Il recidivo è ancora vivo
Quei quattro crediti che ho guadagnato in vita mia li ho investiti tutti in un vivaio di fiori ornamentali per il mio funerale. L’operazione era coperta da segreto e istruzioni per l’uso chiuse dentro una boccia trasparente in forma di lettere singole affinché chiunque dovesse ripassarle ne trovasse sempre di nuove. “Eppur si muore”, dissero ai disillusi i cui propositi amerei disattendere. “Le rose importanti della mia vita non sono rose”, dissero ai puristi della percezione i cui sentimenti percepiti erano l’unica cosa in grado di farci sapere. “Ciò che non ti uccide ti rende più, forse”, dissero ai cocci che erano i nostri ed eravamo soli a raccoglierli provando a ricomporre il puzzle unendo i pezzi con una colla di lacrime e vomito. Dal gemito al monito non abbiamo sprecato il nostro tempo, quella fase arrivò subito dopo quando cercammo di capire che le cose che stavamo cercando di capire erano più semplici di quanto il nostro scervellarci non accettasse.
La Storia era l’albero e noi pensavamo alle foglie. L’albero era marcio dalle radici profonde e noi pensavamo alle foglie. Chi le cura poi vince. E che vince? Altre foglie da curare mentre quelle guarite ci ricascavano. Ne godono i nostri occhi, questo lo ammetto da quando al me ometto piaceva spogliare l’albero di quelle foglie e mi piaceva guardarle ricrescere nella stagione giusta. La prima volta che sentii parlare di pesticidi non ero abbastanza attento. Mi ritenevo pronto, ci nacqui, ma non ero attento. L’increspamento, l’indolenzimento, l’indebolimento.

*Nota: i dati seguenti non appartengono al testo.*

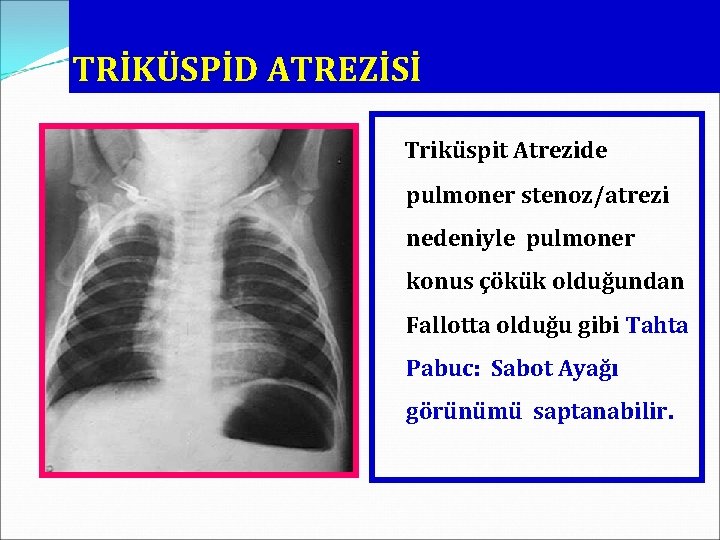 TRİKÜSPİD ATREZİSİ Triküspit Atrezide pulmoner stenoz/atrezi nedeniyle pulmoner konus çökük olduğundan Fallotta olduğu gibi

Mi distraevo per molto meno. Mi distraggo più e più volte all’ora ed è un mistero che io sia ancora in grado di farlo con la stessa leggerezza di ieri. Com’eri bella e com’ero bello. A questo ci penso spesso. Non siamo gli stessi ma va bene uguale. Non siamo depressi, la differenza è abissale. Sapessi anche spiegarlo, giuro, perderei qualche altra riga ad argomentare questa cosa ma riposo capace di non farmene una colpa.

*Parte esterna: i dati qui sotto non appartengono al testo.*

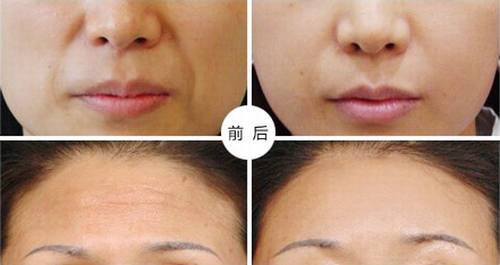 自體脂肪豐面頰多少錢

La talpa è infima, cieca come l’amore, si nutre di lombrichi e larve e non aspetta altro che la nostra sepoltura per ringraziarci di un ringraziamento che a qual punto non ci riguarda più. La sorte che ci bombarda è solo invidiosa, questo lo sanno tutti, anche i credenti alla storia del sogno in cui i denti sono i parenti e appena li sogni vorresti svegliarti per evitargli una brutta fine ma non puoi. Chi vogliamo prendere in giro con le nostre condizioni? Chi vogliamo prendere in giro con le nostre posizioni? I coglioni delle conversioni frullano per alimentare l’indipendenza energetica negando che basterebbe darmi un bacio. Ho avuto un debole per i Sansoni che fottono i Filistei ma poi optai per la calvizie. Le brutte notizie non arrivano mai da sole solo perché abbassiamo l’attenzione e ci rendiamo vulnerabili, le talpe ne approfittano senza convenevoli. Al contrario dei favorevoli, i contrari sono tacciati di intolleranza. Ho un debole per le minoranze anche quando guardandomi allo specchio capisco siamo due ma io sono più di lui perché lui non ha ancora imparato a decidere. Decidi et impera. Sarà per questo che il mio posto è ancora dentro il guado artesiano dell’anima mia che s’è persa di casa. L’avevo portata a pisciare, quel pomeriggio come l’altro pomeriggio e l’altro pomeriggio ancora. L’avevo portata a pisciare ma mi ha strattonato una e due volte, alla terza ho mollato. Ho mollato e ho pianto. Ho pianto e accusato. Ho accusato e ho condannato. Ho condannato e ho confessato.
Ogni supermercato della zona ha esposto senza successo una sua foto per il mese successivo. Sono recidivo, mostro onore e dedico quei quattro crediti che ho guadagnato in vita mia alle spese necessarie al vivaio di fiori ornamentali per il mio funerale. Un magistrale colpo di coda prima che tutto accada.